The hardware performance

m_faulkner · ‎12-20-2007

Hey all,

I'm trying to record the total number of L1 cache hits / misses. It's obvious with regards to the L1 Instruction cache, the two events are

L1I_READS: (counter: all)
L1I_MISSES: (counter: all)

However, I've not managed to find suitable events for the L1 data cache, namely an L1 data cache read and an L1 data cache miss.

I require the absolute numbers not a ratio.

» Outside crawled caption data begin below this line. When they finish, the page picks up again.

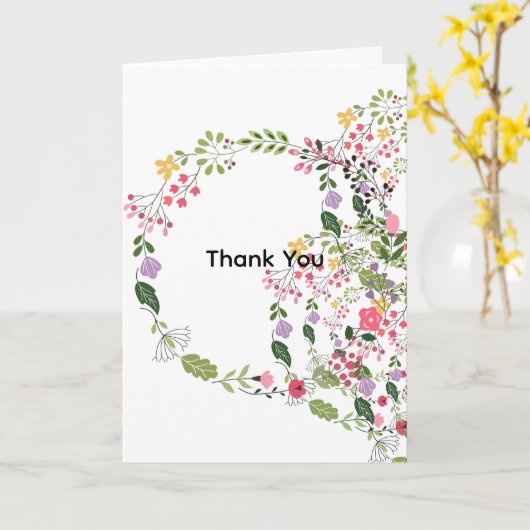 Spring Time Flowers Thank You  Kaart (Gele Bloem)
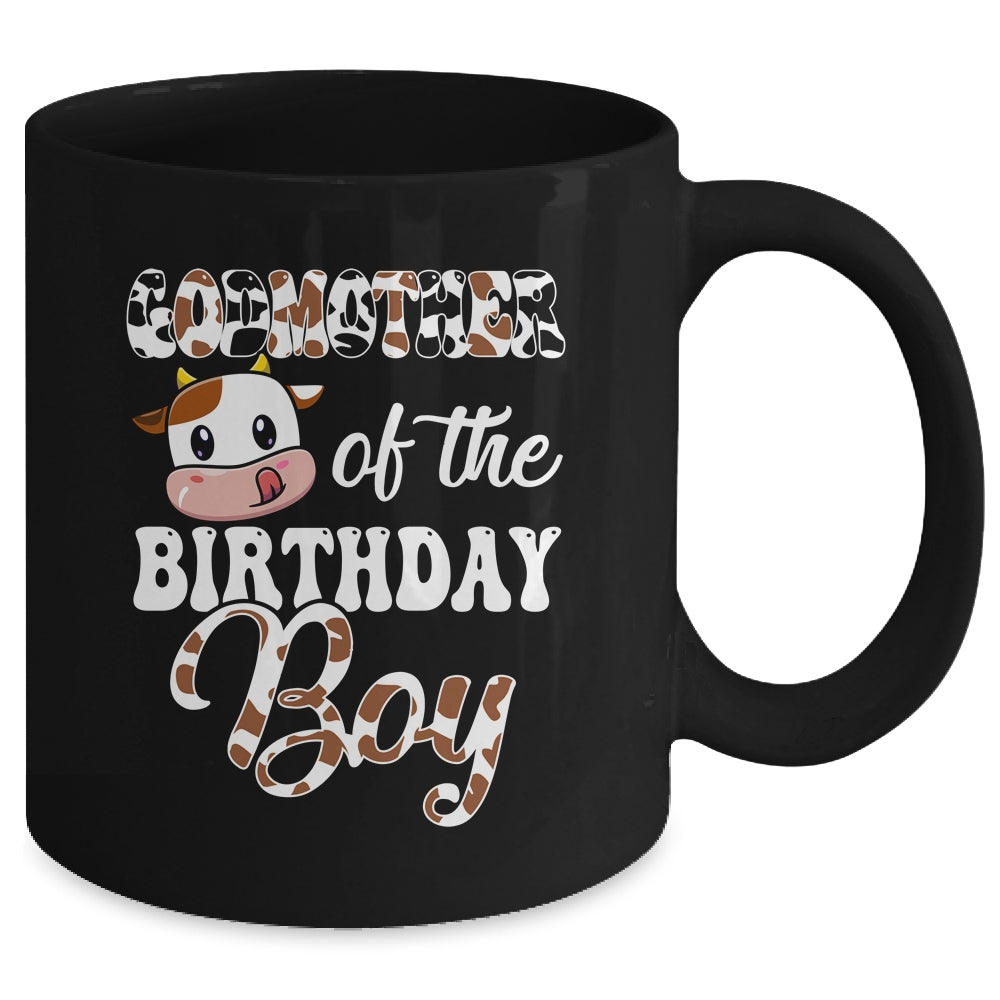 Godmother Of The Birthday Boy Cow Farm 1st Birthday Boy Mug | siriusteestore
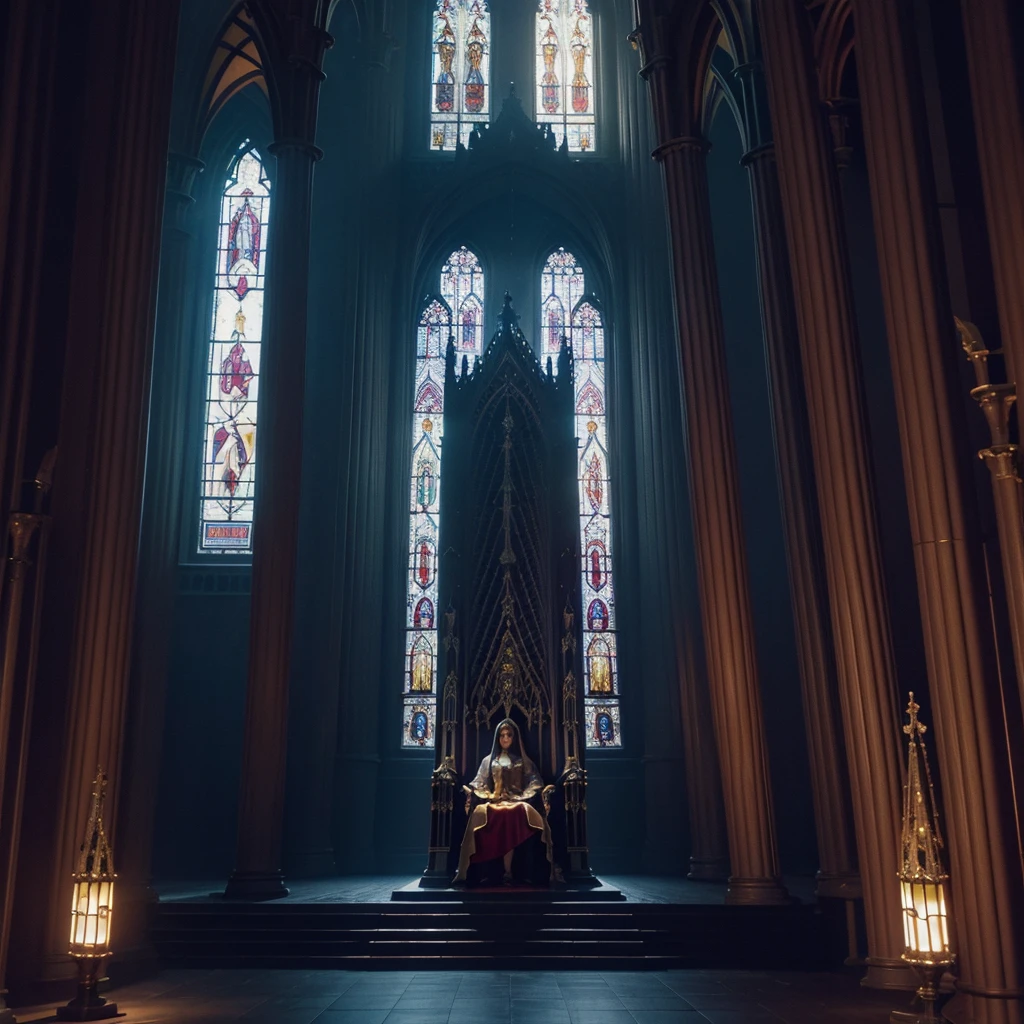 dutch angle, from side, from below | low angle, throne room, stained-glass window at the back, tall archways, raised dais, throne on platform on raised platform, godrays, eerie, queen sitting regally with a blade resting on her lap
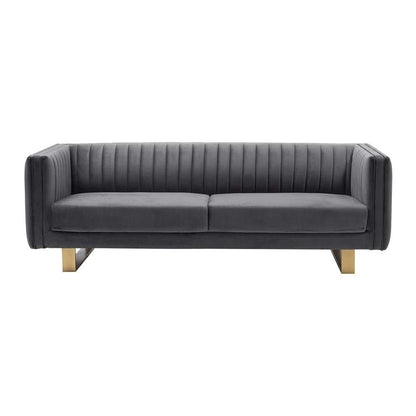 Armen Living - Delilah Dark Gray Velvet Sofa with Matte Gold Legs - LCDH3GREY veiw 1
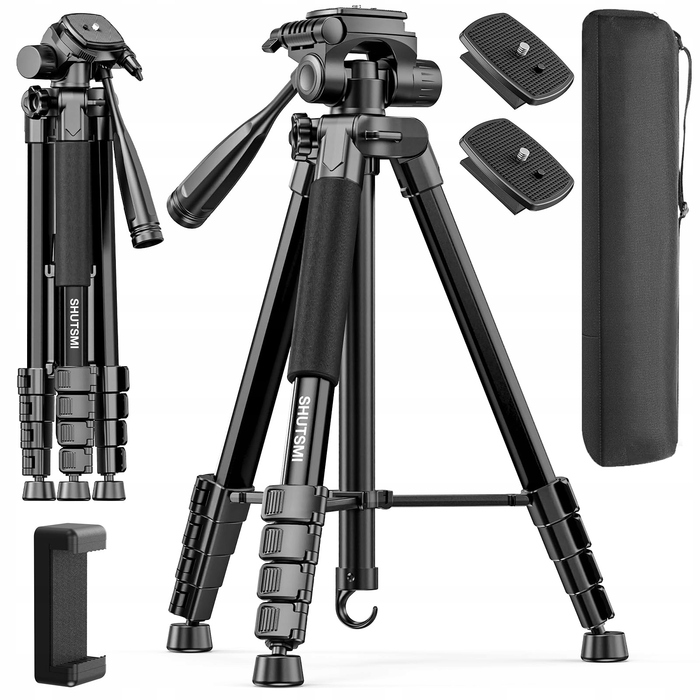 Легкий штатив для фотозйомки SHUTSMI (184 см) з сумкою та тримачем для телефону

Any help would be very much appreicated

I'm trying to collect these stats on a Core 2 machine.

Thanks

Thomas_W_Intel · ‎01-08-2008

Hi,

you can analyze the L1D cache very exactly using the events L1D_CACHE_LD.*, L1D_CACHE_ST.*, and L1D_CACHE_LOCK.*. For example, you can get the number of cache misses using:

L1D_CACHE_LD.I_STATE + L1D_CACHE_ST.I_STATE + L1D_CACHE_LOCK.I_STATE

The event L1D_ALL_CACHE_REF might also be handy, which counts the sum of L1D_CACHE_LD.*, L1D_CACHE_ST.*, and L1D_CACHE_LOCK.*.

I hope this helps

Thomas

kamal444 · ‎01-12-2008

Hi,

I wanted to know if the same could be done for L2 Cache.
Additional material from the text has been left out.